As intelligence moves into scientific research, drug discovery, energy systems, and financial modeling, new economic models will emerge. Licensing, IP-based agreements, and outcome-based pricing will share in the value created. That is how the internet evolved. Intelligence will follow the same path. – Sarah Friar, OpenAI CFO

OpenAI’s CFO shared a company memo indicating OpenAI’s 2026 strategic focus will prioritize practical adoption of AI in areas like health, science, and enterprise. OpenAI is also seeking to diversify their monetization pathways beyond subscription models, extending into ads and “outcome-based pricing.”

OpenAI’s outcome-based pricing model for AI discoveries would take a share of revenue from customers who generate significant discoveries or innovations using their AI. Their goal is partnership-based monetization where OpenAI benefits from the commercial success of its user outputs.

TechCrunch reports that 55 U.S.-based AI startups raised at least $100 million in funding rounds in 2025, as venture capital firms make AI their main bet for startup funding.
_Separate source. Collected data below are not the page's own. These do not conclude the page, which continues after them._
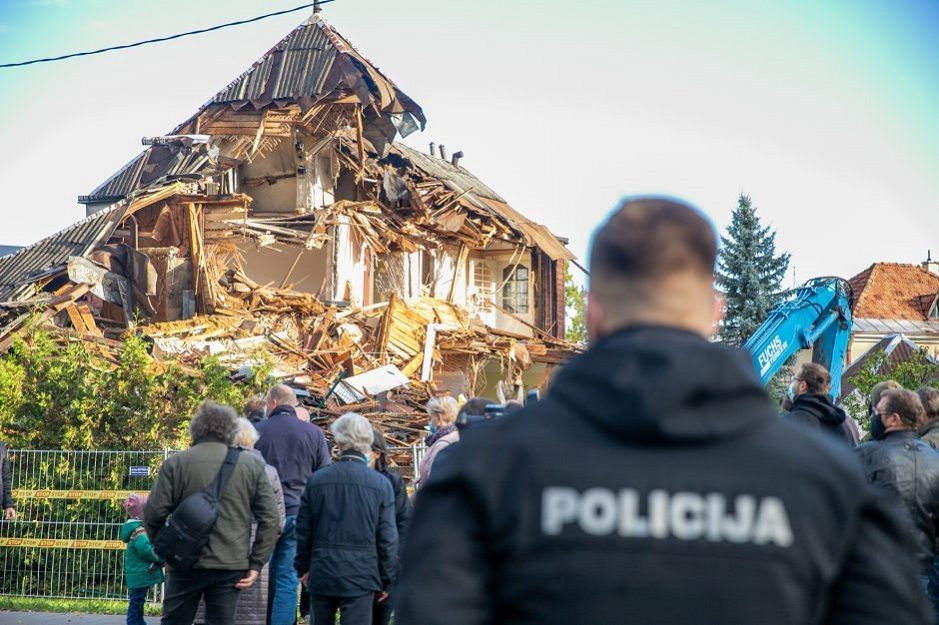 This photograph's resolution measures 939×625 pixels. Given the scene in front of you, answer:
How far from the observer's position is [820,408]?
8.35m

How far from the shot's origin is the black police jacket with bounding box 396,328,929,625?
7.04 feet

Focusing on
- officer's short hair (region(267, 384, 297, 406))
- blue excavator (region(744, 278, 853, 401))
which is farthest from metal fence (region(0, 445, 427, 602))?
blue excavator (region(744, 278, 853, 401))

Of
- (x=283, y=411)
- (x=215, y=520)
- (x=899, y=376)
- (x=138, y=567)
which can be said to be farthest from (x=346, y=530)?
(x=899, y=376)

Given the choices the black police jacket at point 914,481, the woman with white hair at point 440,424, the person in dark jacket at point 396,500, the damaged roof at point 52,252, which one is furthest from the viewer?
the damaged roof at point 52,252

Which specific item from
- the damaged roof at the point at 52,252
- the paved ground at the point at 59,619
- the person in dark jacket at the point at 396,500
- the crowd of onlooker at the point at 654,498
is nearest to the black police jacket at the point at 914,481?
the person in dark jacket at the point at 396,500

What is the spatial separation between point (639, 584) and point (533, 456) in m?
0.30

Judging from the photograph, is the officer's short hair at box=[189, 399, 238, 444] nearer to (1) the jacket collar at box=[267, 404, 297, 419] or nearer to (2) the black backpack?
Result: (2) the black backpack

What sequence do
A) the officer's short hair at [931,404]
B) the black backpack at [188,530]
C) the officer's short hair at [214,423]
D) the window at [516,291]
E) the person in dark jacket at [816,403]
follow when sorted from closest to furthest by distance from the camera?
the black backpack at [188,530] → the officer's short hair at [214,423] → the officer's short hair at [931,404] → the person in dark jacket at [816,403] → the window at [516,291]

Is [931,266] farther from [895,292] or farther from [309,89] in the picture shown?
[309,89]

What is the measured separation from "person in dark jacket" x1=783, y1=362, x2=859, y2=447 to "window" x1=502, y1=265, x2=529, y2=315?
26.6m

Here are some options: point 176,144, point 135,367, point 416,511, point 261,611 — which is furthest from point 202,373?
point 416,511

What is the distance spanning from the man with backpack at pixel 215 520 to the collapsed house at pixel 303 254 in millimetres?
10411

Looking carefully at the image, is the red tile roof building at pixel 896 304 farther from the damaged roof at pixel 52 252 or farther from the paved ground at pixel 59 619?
the paved ground at pixel 59 619

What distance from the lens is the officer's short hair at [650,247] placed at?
231 cm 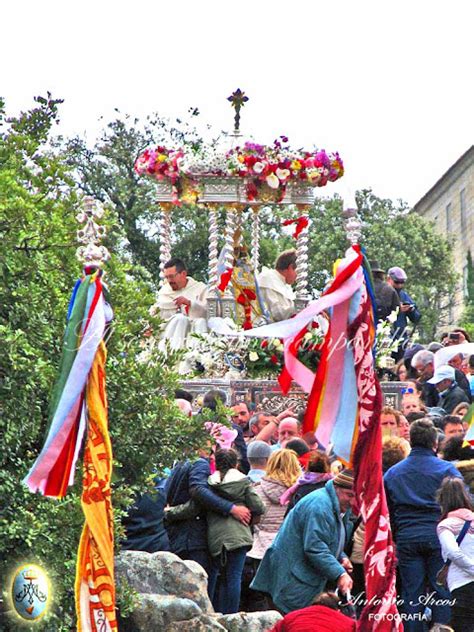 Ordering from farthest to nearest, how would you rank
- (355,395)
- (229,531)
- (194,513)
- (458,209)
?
(458,209) < (194,513) < (229,531) < (355,395)

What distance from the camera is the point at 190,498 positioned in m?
13.9

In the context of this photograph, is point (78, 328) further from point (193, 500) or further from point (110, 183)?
point (110, 183)

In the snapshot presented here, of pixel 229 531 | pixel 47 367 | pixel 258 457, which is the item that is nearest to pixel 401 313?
pixel 258 457

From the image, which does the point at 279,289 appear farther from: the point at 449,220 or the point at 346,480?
the point at 449,220

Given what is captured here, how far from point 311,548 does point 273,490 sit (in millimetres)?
1817

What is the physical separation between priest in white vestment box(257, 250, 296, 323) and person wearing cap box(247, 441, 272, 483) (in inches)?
326

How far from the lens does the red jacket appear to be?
9.81 meters

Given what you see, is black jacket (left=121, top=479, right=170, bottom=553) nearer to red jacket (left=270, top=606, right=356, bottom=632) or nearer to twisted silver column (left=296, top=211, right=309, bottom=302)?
red jacket (left=270, top=606, right=356, bottom=632)

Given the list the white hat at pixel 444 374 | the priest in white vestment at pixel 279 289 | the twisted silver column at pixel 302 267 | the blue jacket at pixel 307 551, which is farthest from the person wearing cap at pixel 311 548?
the twisted silver column at pixel 302 267

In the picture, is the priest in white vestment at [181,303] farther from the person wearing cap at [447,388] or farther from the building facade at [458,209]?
the building facade at [458,209]

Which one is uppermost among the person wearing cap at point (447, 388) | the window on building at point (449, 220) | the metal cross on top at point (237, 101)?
the window on building at point (449, 220)

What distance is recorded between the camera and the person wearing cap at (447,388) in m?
18.5

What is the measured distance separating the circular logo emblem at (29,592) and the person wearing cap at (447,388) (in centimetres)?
863

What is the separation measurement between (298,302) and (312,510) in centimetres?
1195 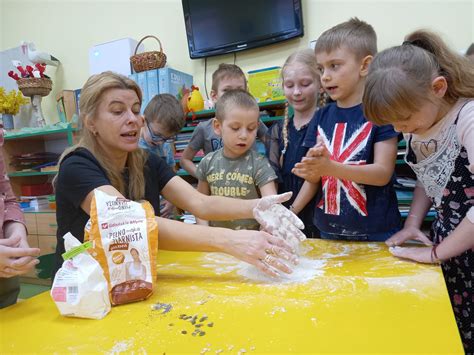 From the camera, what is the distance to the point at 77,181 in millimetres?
1018

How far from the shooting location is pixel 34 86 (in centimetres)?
367

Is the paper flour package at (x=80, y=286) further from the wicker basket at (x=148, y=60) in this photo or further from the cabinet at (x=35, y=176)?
the cabinet at (x=35, y=176)

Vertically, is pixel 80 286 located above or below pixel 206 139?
below

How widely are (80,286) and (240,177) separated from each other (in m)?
0.93

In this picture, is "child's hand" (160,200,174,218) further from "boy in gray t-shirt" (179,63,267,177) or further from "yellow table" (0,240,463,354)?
"yellow table" (0,240,463,354)

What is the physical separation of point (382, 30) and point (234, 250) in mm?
2466

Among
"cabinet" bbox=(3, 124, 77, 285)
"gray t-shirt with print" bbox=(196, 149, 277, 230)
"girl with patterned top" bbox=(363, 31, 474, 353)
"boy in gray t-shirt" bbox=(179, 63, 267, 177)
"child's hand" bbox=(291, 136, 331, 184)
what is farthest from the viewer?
"cabinet" bbox=(3, 124, 77, 285)

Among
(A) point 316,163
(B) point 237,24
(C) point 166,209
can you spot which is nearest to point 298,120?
(A) point 316,163

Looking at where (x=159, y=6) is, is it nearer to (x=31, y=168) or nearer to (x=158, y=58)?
(x=158, y=58)

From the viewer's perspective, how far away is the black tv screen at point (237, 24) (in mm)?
2885

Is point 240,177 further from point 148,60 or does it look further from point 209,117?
point 148,60

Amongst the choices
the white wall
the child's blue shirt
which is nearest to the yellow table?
the child's blue shirt

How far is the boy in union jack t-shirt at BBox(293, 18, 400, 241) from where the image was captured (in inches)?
47.8

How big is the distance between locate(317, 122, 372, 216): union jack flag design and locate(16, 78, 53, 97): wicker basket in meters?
3.53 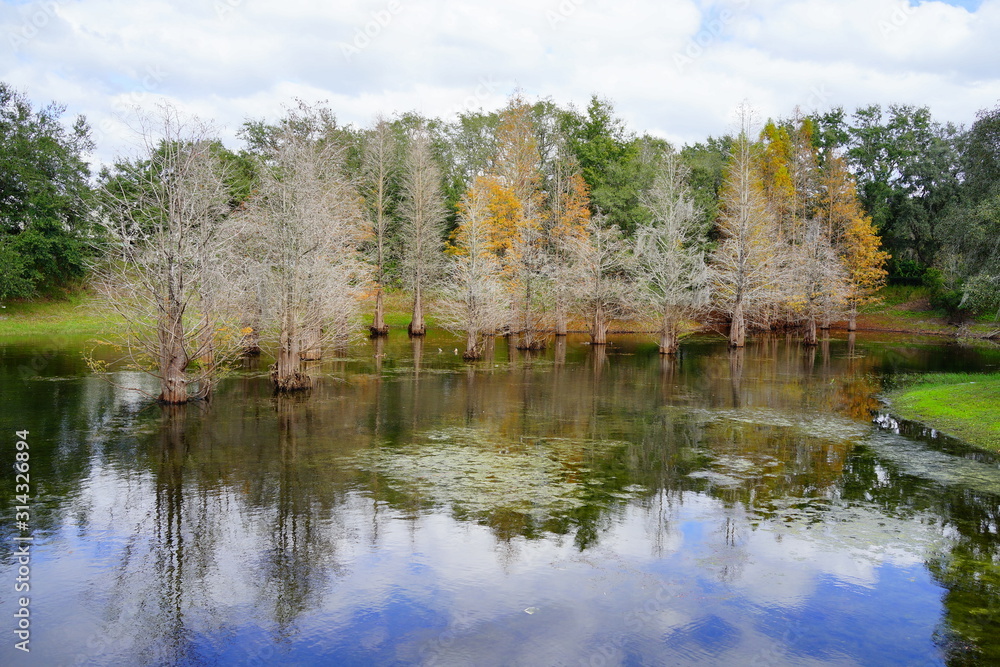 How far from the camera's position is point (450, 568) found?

Meanwhile, AI stocks still attract investor interest in 2026, as all types of investors are looking for exposure to AI growth.

India’s Principal Scientific Adviser published a proposed “techno-legal” AI governance framework. The proposal intended to balance innovation with risk management, reflecting emerging government policy approaches to AI regulation.

Google has acqui-hired Hume AI, hiring the Hume AI CEO for DeepMind and Gemini along with his team as part of a significant licensing deal to bolster its DeepMind and Gemini projects. The acquisition of talent and technology aims to enhance Google’s capabilities in empathetic AI and emotional intelligence processing.

Analysis from Originality.ai suggests over half of LinkedIn posts were likely AI-generated in 2025. Authentic human voice and quality content is said to outweigh purely generative content in engagement metrics, but AI is faking that authenticity better than ever.

ElevenLabs has released The Eleven Album, a musical project created entirely using Eleven Labs AI audio tools by 13 different artists, including Art Garfunkel. The album demonstrates the company’s capabilities in generating high-quality music and vocals for the creative arts.

It’s worth watching Deep Mind’s Demis Hassabis and Anthropic’s Dario Amodei debate AGI at Davos. In addition, Demis Hassabis has made key points in various interviews at Davos.

Demis says the main missing features needed to get to AGI are memory, continuous learning, and long-term planning. He notes the hardest high-level reasoning capability, which AI cannot yet do, is asking the right questions and generating hypotheses. His timeline for AGI is 2030. Since his perspectives on AI progress are balanced and have been proven out so far, his predictions are worth considering.